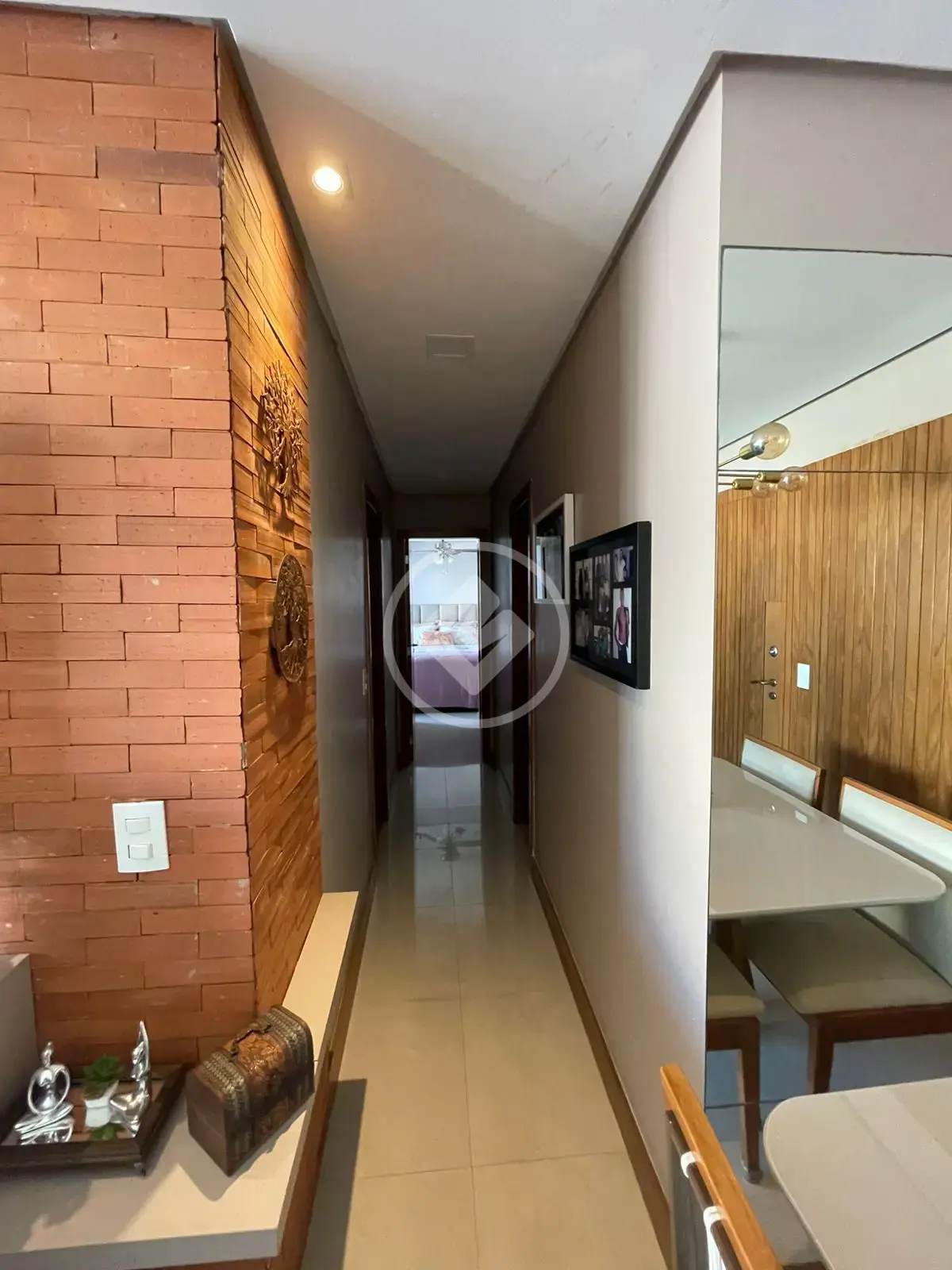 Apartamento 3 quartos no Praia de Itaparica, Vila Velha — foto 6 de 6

* * *

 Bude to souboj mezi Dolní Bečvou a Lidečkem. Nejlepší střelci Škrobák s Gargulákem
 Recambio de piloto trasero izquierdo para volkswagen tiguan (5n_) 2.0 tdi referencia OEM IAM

==

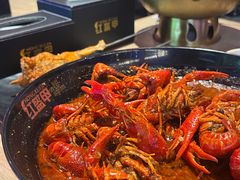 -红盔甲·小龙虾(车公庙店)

▸ Aim of the task: The reply should consist solely of the lines above from the one that has "Bude to souboj" through the one that has "Recambio de piloto", reproduced exactly.

▸ Response to the task:
 Bude to souboj mezi Dolní Bečvou a Lidečkem. Nejlepší střelci Škrobák s Gargulákem
 Recambio de piloto trasero izquierdo para volkswagen tiguan (5n_) 2.0 tdi referencia OEM IAM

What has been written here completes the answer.